4. Misuse of words. Abati said a certain newspaper columnist habitually excoriates President Jonathan "as if he writes solely to entertain an imaginable political audience." The word imaginable is used wrongly in the sentence. He meant to write "imaginary political audience." Imaginable means conceivable, capable of being thought of or believed, in the realm of possibility, etc. E.g. "It is imaginable that Reuben Abati knows he is an object of ridicule in Nigerian progressive circles." Or "Abati invoked every imaginable falsehood to defend his boss." Imaginary, on the other hand, means that which exists only in the imagination, i.e., something that is unreal. Abati clearly meant that the writer he is railing against imagines himself to be entertaining an audience that doesn't exist in reality.
Then he wrote about "discreditable lies" when he meant to write "discredited lies." There is a difference between "discreditable" and "discredited." Discreditable means blameworthy, tending to bring disrepute, as in: "discreditable behavior." When applied to truth claims or theories, "discredited" means debunked, disproved, exposed, discarded, etc. Abati apparently intended to say that the "lies" told about his boss have been found to be untrue, thus "discredited."
5. Abuse of literary terms. Although Abati likes to boast about getting his PhD in Theater Arts from the University of Ibadan in the space of two years at the age of 24 - and about getting a First Class degree in the same discipline from the University of Calabar - he shows such a poor understanding of basic literary terminologies, his violence against metaphors being a prime example of this. But he did more than inflict violence on metaphors; he also clearly doesn't know what the phrase "play on words" means, nor does he have a clue what figure of speech the Shakespearean expression "lend me your ears" belongs to.
"Perhaps if these writers had enough sense of literary appreciation I might even go further and play on words and like Mark Antony to the Roman crowd, ask them to lend me their ears as I outline the tangible progress Nigeria has made under President Jonathan, but I fear that they may interpret my words literally: without the understanding that it is a figure of speech and therefore go to town with the headline that I want to cannibalize their ears!" Abati wrote.

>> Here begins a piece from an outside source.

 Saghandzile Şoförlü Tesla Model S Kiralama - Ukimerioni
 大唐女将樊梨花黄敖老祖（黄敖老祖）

Well, the Shakespearean expression "lend me your ears" isn't a "play on words"; it's properly called a metonymy. A metonymy is a figure of speech that substitutes the name of an attribute or feature for the name of the thing itself. E.g. "heads" for human beings, "crown" for kings, name of an author for his or her works (as in: I'm studying Achebe), "Aso Rock" for the Nigerian presidency, "grave" for death, "ear" for attention, hence "lend me your ears," etc.
A play on words, or wordplay, is the deliberate contortion of words or phrases for amusement or for literary effect. Examples of word play are puns (about which I wrote some weeks back), spoonerisms (i.e., the deliberate mixing up of initial consonants in a pair of words for humorous effect, such as saying "I'm flabberwhelmed and overgasted" instead of the usual "I'm overwhelmed and flabbergasted"), etc.
Abati would definitely benefit from a refresher course in basic grammar and figures of speech.